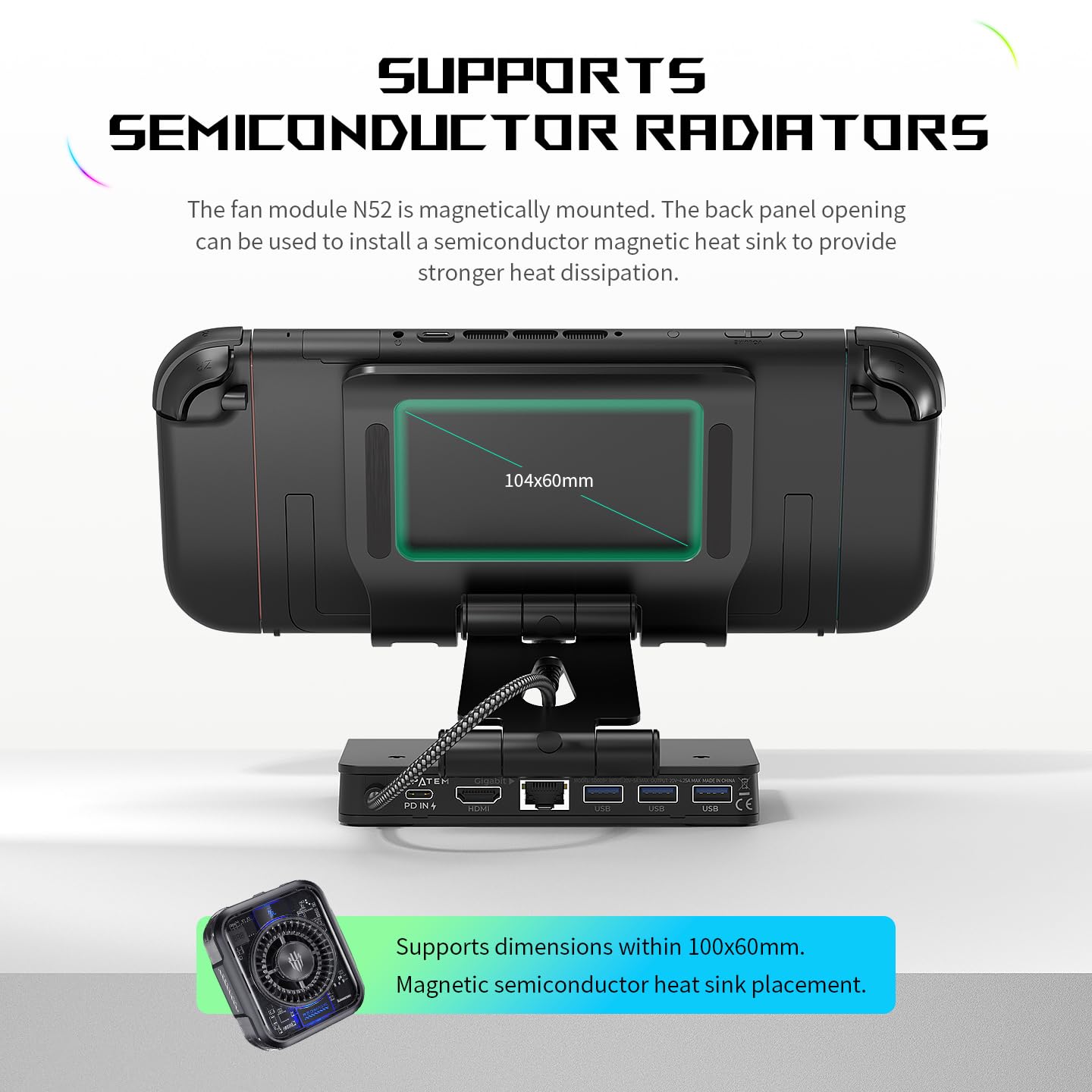 Abnehmbares magnetisches Dual-Lüfter-Kühldock und Ständer für ROG Xbox Ally X/Ally X/Ally/Switch2/Steam Deck/Legion Go/Go S, USB A Gaming Hub, HDMI 4K, 100W PD Aufladung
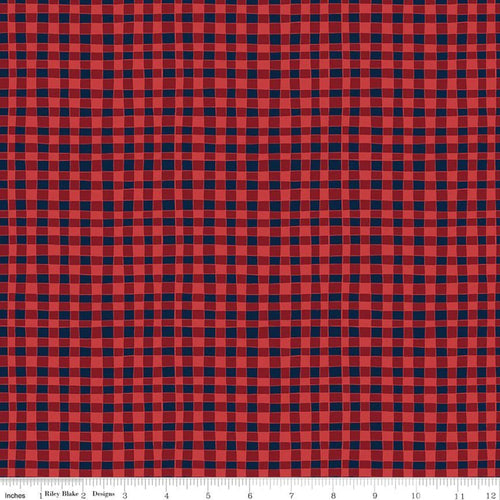 Love You S'more Gingham Red/Navy Blue Fabric Half Yards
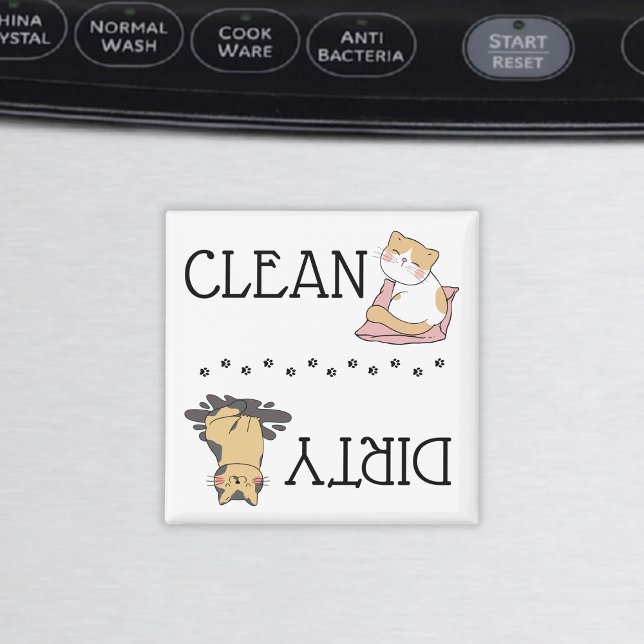 Íman Cute Cat Dishwasher Magnet (Criador carregado)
──────
= What the task asks =
Once the pictures are set aside, output the whole listing exactly.

= Output of the exercise =
 Abnehmbares magnetisches Dual-Lüfter-Kühldock und Ständer für ROG Xbox Ally X/Ally X/Ally/Switch2/Steam Deck/Legion Go/Go S, USB A Gaming Hub, HDMI 4K, 100W PD Aufladung
 Love You S'more Gingham Red/Navy Blue Fabric Half Yards
 Íman Cute Cat Dishwasher Magnet (Criador carregado)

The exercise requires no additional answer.